Hollande joins German Chancellor Angela Merkel, who also pledged $1 billion over four years in July to the Green Climate Fund, and South Korean President Park Geun-hye pledged to contribute up to $100 million to help the UN battle climate change – a contribution that includes $50 million currently being paid to the fund. Volcovici said that developing countries are seeking contributions of $15 billion before the end of the year.
Also at the climate summit, more than two dozen countries and as many as 100 corporations (including McDonald’s and Wal-Mart) and organizations signed the “New York Declaration on Forests” – a pledge aimed at cutting deforestation in half by 2020 and completely ending the practice worldwide by the year 2030. However, also noteworthy is Brazil’s unwillingness to sign the agreement.

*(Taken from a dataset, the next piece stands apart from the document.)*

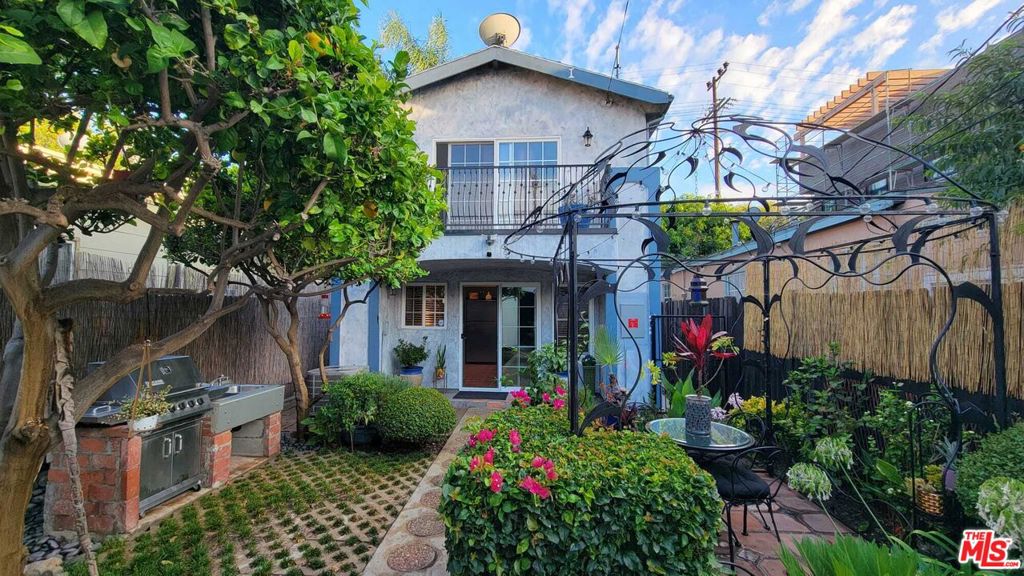 FULLY FURNISHED! Available 9/15/25 - Contemporary Mediterranean Home in Culver City! Charming and spacious two-story Mediterranean-style residence, offered fully furnished and ideally located in the heart of Culver City. Enter through a hedge-lined front gate into a private patio, where a rustic speakeasy door welcomes you into the open living room with tiled floors, leather furnishings, curated artwork, and a pebble mosaic fireplace. The country-style kitchen features granite countertops, checkered floors, and generous counter space, while the adjacent kitchen dining area offers an updated set with a modern touch. Upstairs, two bedrooms each enjoy their own balcony and hardwood floors. The primary bedroom overlooks the backyard garden, and the secondary bedroom--currently set up as an office--can also be used as a guest room. The backyard is designed for entertaining with an enclosed garden, gazebo, mature landscaping, and a built-in BBQ. A two-car garage provides direct access to the yard and home. Additional features: Solar panels for energy efficiency. Alarm system. Small dog considered. Located within walking distance to downtown Culver City's theaters, farmers market, restaurants, bars, yoga studios, and shops. A welcoming neighborhood with a true community feel.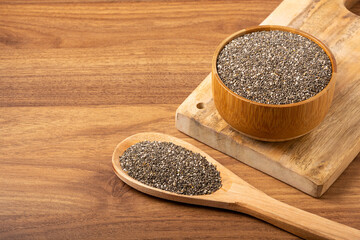 Chia seeds in wooden bowl and wooden spoon.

“Trees store carbon dioxide but when cut down, they release the heat-trapping greenhouse gas to the atmosphere,” said Wendy Koch of USA Today. “If the goal is met, the U.N. estimates the impact would be equivalent to taking every car in the world off the road. The participants, including dozens of environmental and indigenous groups, also pledge to restore more than one million square miles of forest worldwide by 2030.”
Koch said that the declaration has the backing of most developed countries, including the US, Canada, France and the EU. However, Brazil – which is home to the Amazon rainforest – opted against signing the pledge, telling reporters that it was because officials there were not included in the preparation process. While the country itself did not sign the pledge, however, USA Today reports that three Brazilian states (Acre, Amapa and Amazonas) did.
The Guardian also reported that Chile committed to a 20 percent reduction of CO2 by 2020 at the summit, as well as a tax on carbon emissions; that Japanese prime minister Shinzō Abe said that his country has delivered $16 billion in climate aid over the past three years, as promised; and that Switzerland and Denmark promised to contribute a combined $170 million to the aforementioned Green Climate Fund.
“It’s not just countries and world leaders pledging to cut back on emissions – a few leading oil and gas companies are saying they will, too,” noted Brian Ries of Mashable. Among those companies are: ENI of Italy; Petróleos Mexicanos or Pemex; the US gas company Southwestern Energy; Norway’s Statoil Group; BG Group, the former British Gas, and Thailand’s oil and gas company, PTT, launched on Tuesday the Oil & Gas Methane Partnership, which pledges to cut the emissions of methane, he said.
“I am so glad to see concrete initiatives that will help reduce the release of short-lived climate pollutants into the atmosphere,” Ban Ki-moon said in a statement. “These announcements show how governments, corporations and civil society can work together to reduce emissions.”